Five days later, on Oct. 4, the DOJ issued a memo directing law enforcement to investigate threats to school boards. On Oct. 22, the NSBA issued an apology for the letter.

The NSBA complained in that letter that what it called "acts of malice, violence, and threats against public school officials have increased [and] the classification of these heinous actions could be the equivalent to a form of domestic terrorism and hate crimes." It seems it had the Biden administration on board before asking the administration to act on its fears of a responsive citizenry.

In a small sign of rhetorical sense, if not a sensible use of federal criminal investigatory powers, the attorney general's October 4 directive to sic the full force of the FBI on upset parents of public school children did not explicitly use the inflammatory phrase "domestic terrorism." It did, though, agree that the FBI must now "convene meetings with federal, state, local, Tribal, and territorial leaders in each federal judicial district…These meetings will facilitate the discussion of strategies for addressing threats against school administrators, board members, teachers, and staff, and will open dedicated lines of communication for threat reporting, assessment, and response."
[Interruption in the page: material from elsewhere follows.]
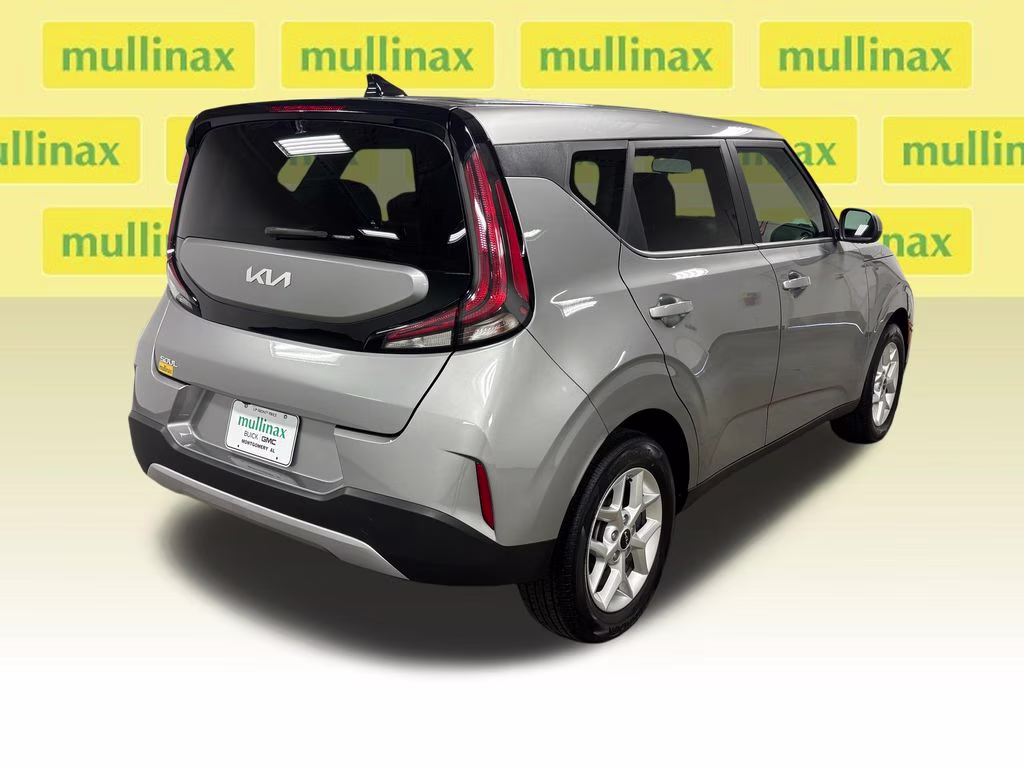 2025 Steel Gray Kia Soul LX FWD Hatchback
Despite the NSBA's apparent regret for the letter (after the public backlash), Attorney General Merrick Garland, who sent the order to the FBI to get tough on school board meeting attendees, told Congress he had no second thoughts and that his actions did not rely on the NSBA's letter.

It's possible the attorney general's hand knew not what the White House's hand was planning, but Fox News reports that "Another email exclusively sent to Fox News revealed that NSBA had discussed the issues with the White House 'for weeks' before sending the letter. Garcia and Chip Slaven, an NSBA executive, altered the text of the letter to satisfy the curiosity of White House staff."
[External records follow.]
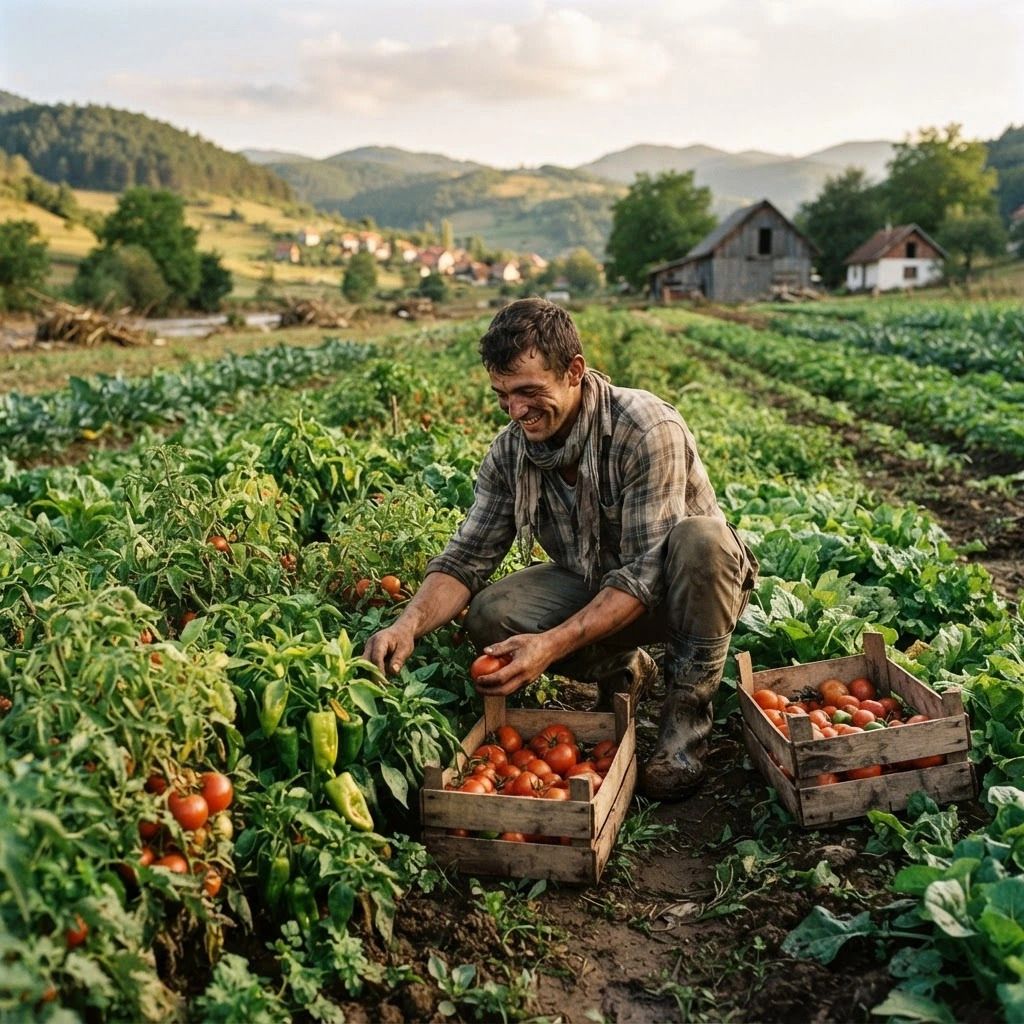 Two Years After the Floods, His Fields Are Growing Again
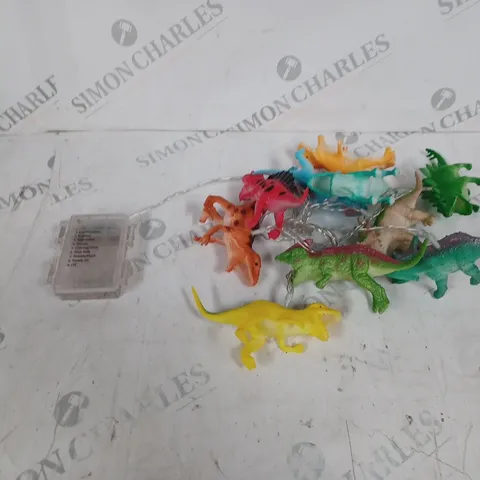 BATTERY POWERED DINOSAUR LIGHTS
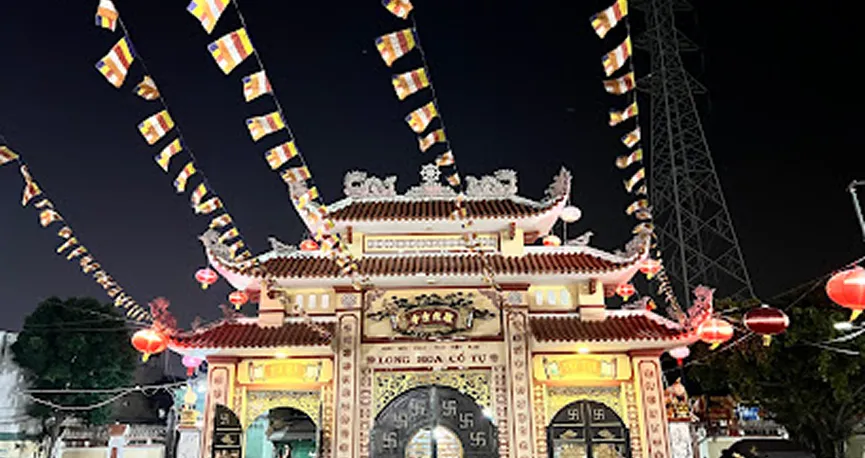 Long Hoa Pagoda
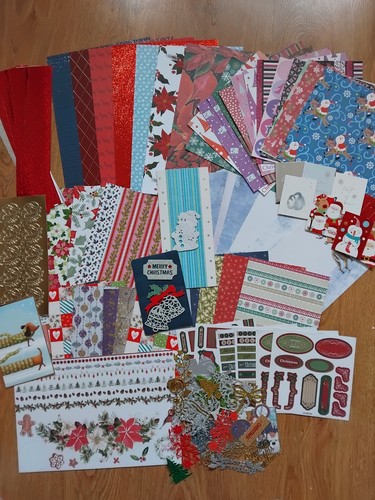 Christmas craft clearout - craft,
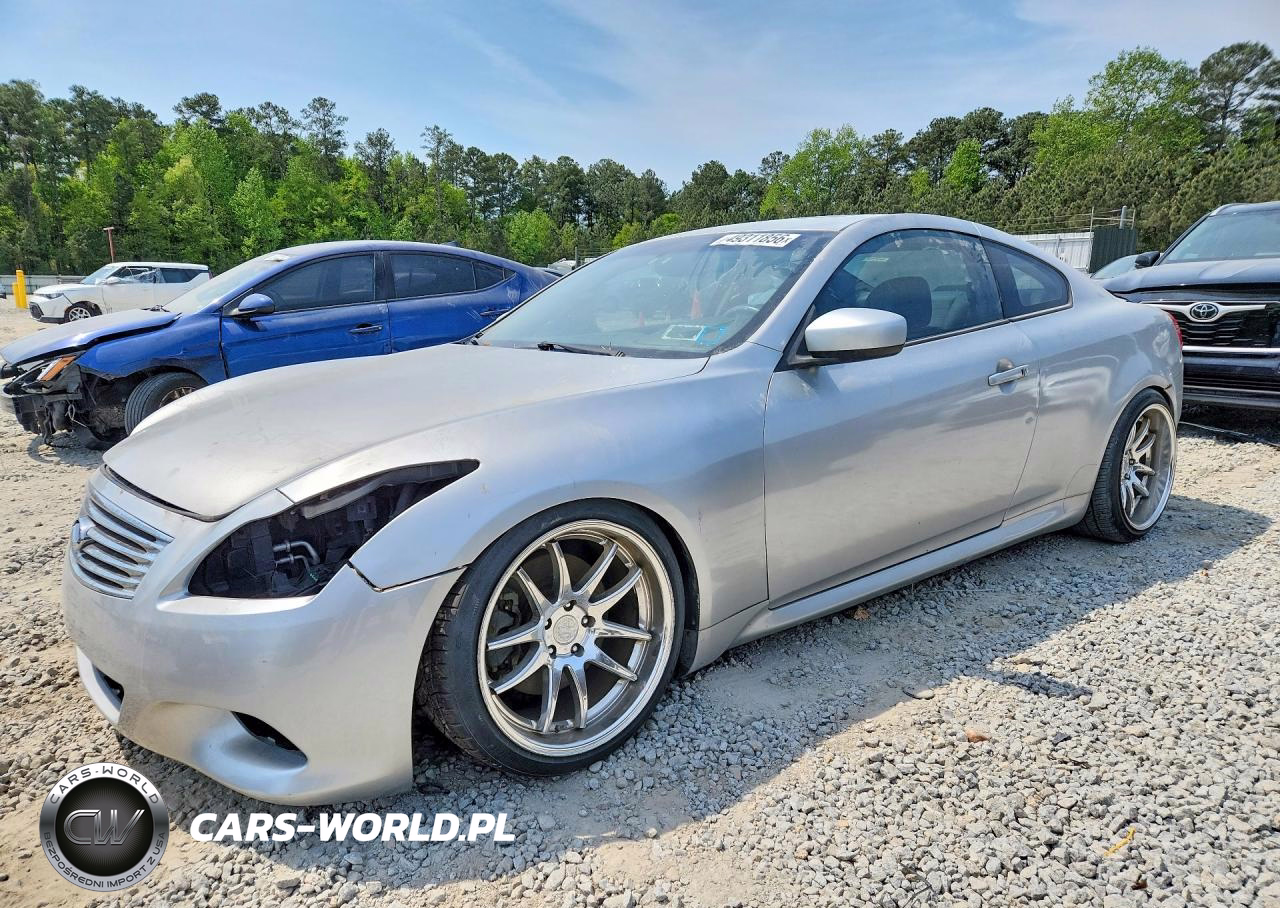 2008 Infiniti G37 Journey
As Reason's Matt Welch has previously reported, the school board and government panic, aided by media outlets resolutely on their sides, is mostly based on absurdly "comparing raucous school board meetings to the January 6 Capitol Hill riots, attributing the increase in parental outrage to racism and/or manipulation by cynical puppet masters, conducting laughably one-sided fact-checks, using the phrase 'Republicans seize' unironically, and taking at face value education-establishment claims that all curricular and organizational changes made in the name of racial equity are merely about being more accurate in the teaching of history."

The panic, which we now know arose from NSBA and administration collaboration, further misrepresents angry responses from meeting attendees to school policies on matters such as COVID-19 mitigation measures and how race is dealt with in public education as violence and threats, when they are almost always nothing of the sort. Such public aiming of FBI attention at what is overwhelmingly just parents exercising their rights within the public school system, even if loudly, seems more meant to intimidate than to actually quash real crimes.

The Biden administration's obsession with treating heated policy disputes, especially from the perceived right, as worthy of federal investigation as potential "domestic terror" is dumb and dangerous to American liberty. It will rightly create more of exactly the sort of heated citizen pushback that the administration is trying to suppress.

It's good that various state-level school board associations are disengaging from the NSBA for its calling in the FBI's dogs on aggrieved parents. As Fox News reports, "Ohio's, Wisconsin's, and the school boards of nine other states have reportedly terminated their relationships with NSBA" since the controversy began.